Because Silva’s Partido Socialista Brasileiro (Brazilian Socialist Party—PSB) has minimal representation in the lower house of Congress, she only gets a two-minute window in the 25-minute block of free campaign advertising that’s broadcast on TV twice a day every day. President Dilma Rousseff gets nearly six times as much, thanks to the popularity of her Partido dos Trabalhadores (Workers’ Party—PT). Partido da Social Democracia Brasileira (Brazilian Social Democratic Party—PSDB) candidate Aécio Neves, the other top challenger, gets about four and a half minutes.
Yet while Brazilian electoral rules for political TV advertising give Rousseff a clear advantage in her bid for re-election on October 5, the latest polls show Rousseff in a statistical tie against Silva, whose political rise has drawn parallels to the 2008 candidacy of Barack Obama.
By many comparisons, however, Obama had it easy. He was not battling an incumbent, and he had plenty of time to build up the largest campaign war chest in history, with few barriers on how to spend it. Silva, who would also be her country’s first black president, has the least campaign funding of any major candidate and a major disadvantage in advertising on TV, which is how most Brazilians consume their news.For a while, polls mirrored that breakdown of TV airtime, with Rousseff leading against Neves—while far behind was the PSB with its former presidential candidate Eduardo Campos.
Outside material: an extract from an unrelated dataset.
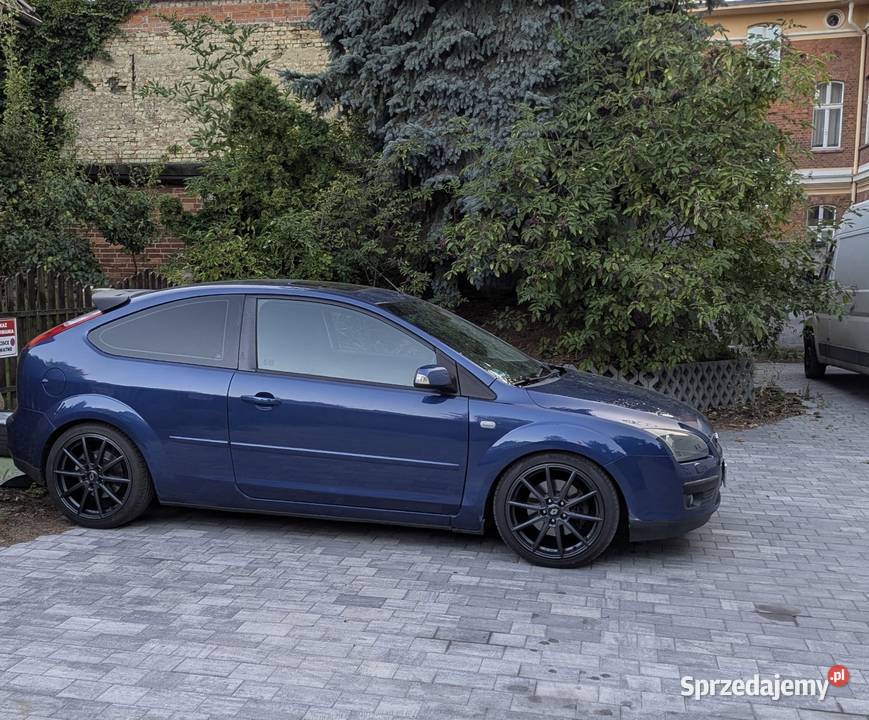 Ford Focus MK2 20 benzyna gwint alu 18 radio Rok produkcji 2006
But when Campos died in a tragic plane crash August 13, Silva was elevated to the top of the party’s ticket and her popularity surged on a wave of sympathy and enthusiasm.
Polls now show a dead heat. In the latest survey from leading pollster Ibope that was released on September 23, Rousseff and Silva are tied. In a likely second-round runoff on October 26—which will happen if no candidate wins more than 50 percent in the first round—Rousseff and Silva would each earn an estimated 41 percent of the vote. Polls released the same day from CNT/MDA and Vox Populi alternatively favored Silva and Rousseff.
Analysts are reading the tea leaves to project who will win, while many undecided voters will be looking for direction during the remaining presidential debates on September 28 and October 2. Rousseff, a former minister of energy, enjoys support from labor unions and poor voters who have benefitted from the PT’s poverty alleviation programs such as Bolsa Familia. Silva, a former minister of the environment and presidential candidate, has support from young, educated urban voters as well as an investor community tired of interventionist economic policies.
Washington-based political risk consultancy Eurasia views Rousseff as the favorite because of her superior campaign financing, extra TV airtime, and advantage as an incumbent. In recent weeks, she’s clawed back a first-round lead of 9 points against Silva—up from an earlier and narrower lead of 4-6 points—while Silva’s second-round lead has dwindled to being a near statistical tie. Eurasia expects these trend lines to continue.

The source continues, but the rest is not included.